In horizontal midbrain slices containing the VTA, we found strong fluorescence in fibers but not in cell bodies (Fig. 2A), consistent with transport of ChR2 to the axon terminal fields of NAc MSNs. We made whole-cell voltage-clamp (Vm of −45 mV) recordings from VTA neurons and optically stimulated MSN fibers (Fig. 2B). In ∼40% of recordings, brief (1–5 ms) light stimulation of the slice resulted in a fast IPSC with a mean amplitude of 68.9 ± 11.1 pA (n = 62).
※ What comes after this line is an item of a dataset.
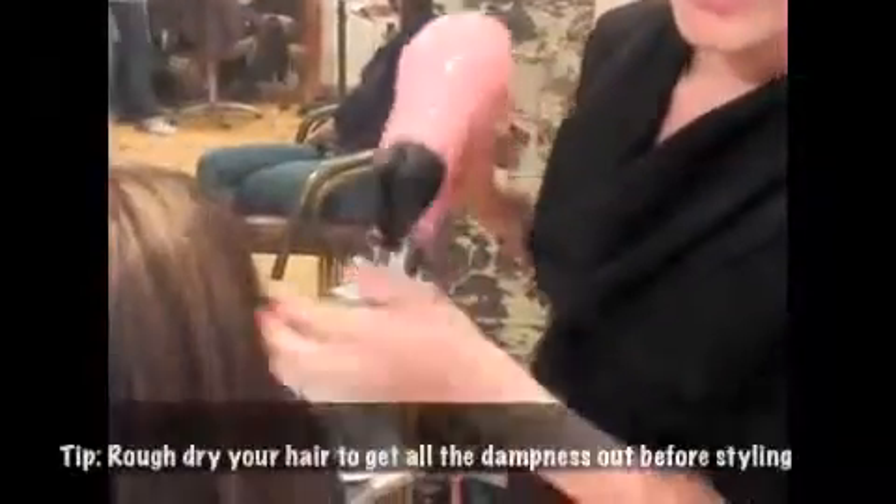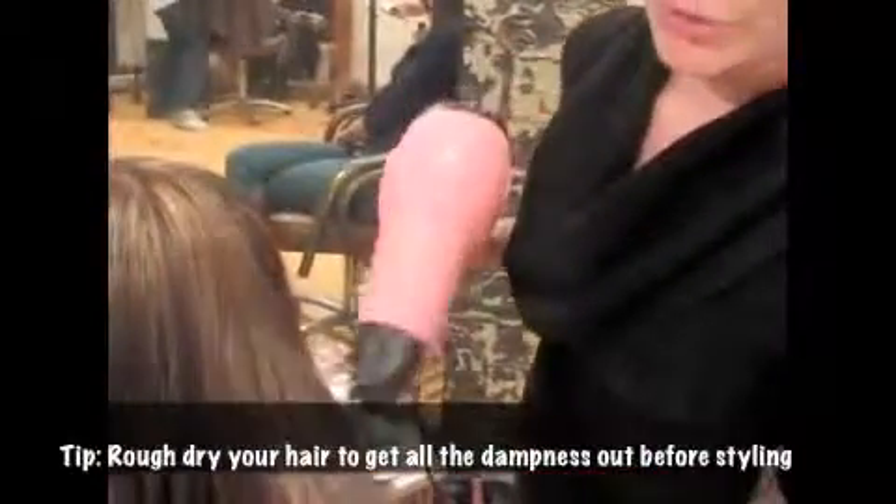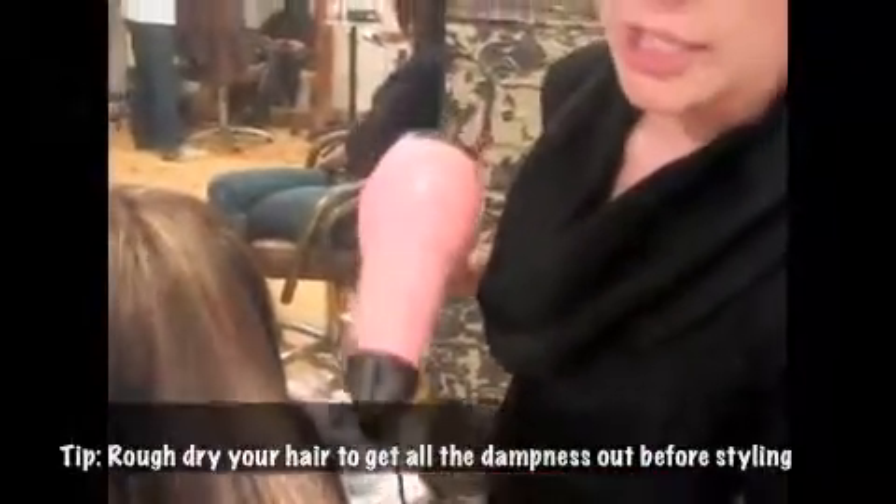And my last step is when you're drying your hair, before you blow it out with a brush, you want to rough dry your hair first, getting all the dampness out before you go through with the brush. That way you don't focus too much heat on the ends.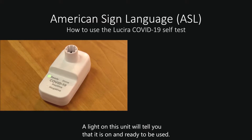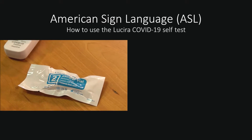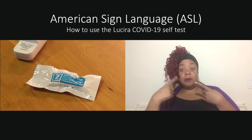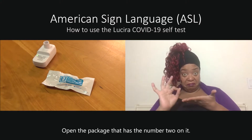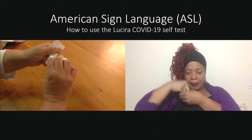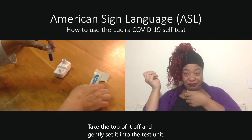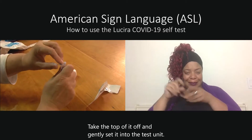A light on this unit will tell you that it is on and ready to be used. Open the package that has the number 2 on it. Take the top of it off and gently set it into the test unit.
This light-evoked IPSC was also sensitive to picrotoxin (95 ± 3%, n = 24), indicating that it is mediated by GABAA receptors (Fig. 2C). Consistent with a previous report of recordings of light-evoked EPSCs from cortical neurons (Cruikshank et al., 2010), this transmitter release is clearly dependent on action potentials, because it was completely abolished by the sodium channel blocker TTX (1 μm; n = 3) (data not shown). Finally, after blocking the GABAA receptor response with picrotoxin, increasing the number and frequency of stimulation (up to 10 pulses at 20–100 Hz) did not elicit a slow GABAB receptor-mediated IPSC (n = 24) (Fig. 3A), although electrical stimulation clearly evokes a frequency-dependent slow GABAB IPSC in VTA neurons (n = 5) (Fig. 3B).

Figure 2.

Figure 2.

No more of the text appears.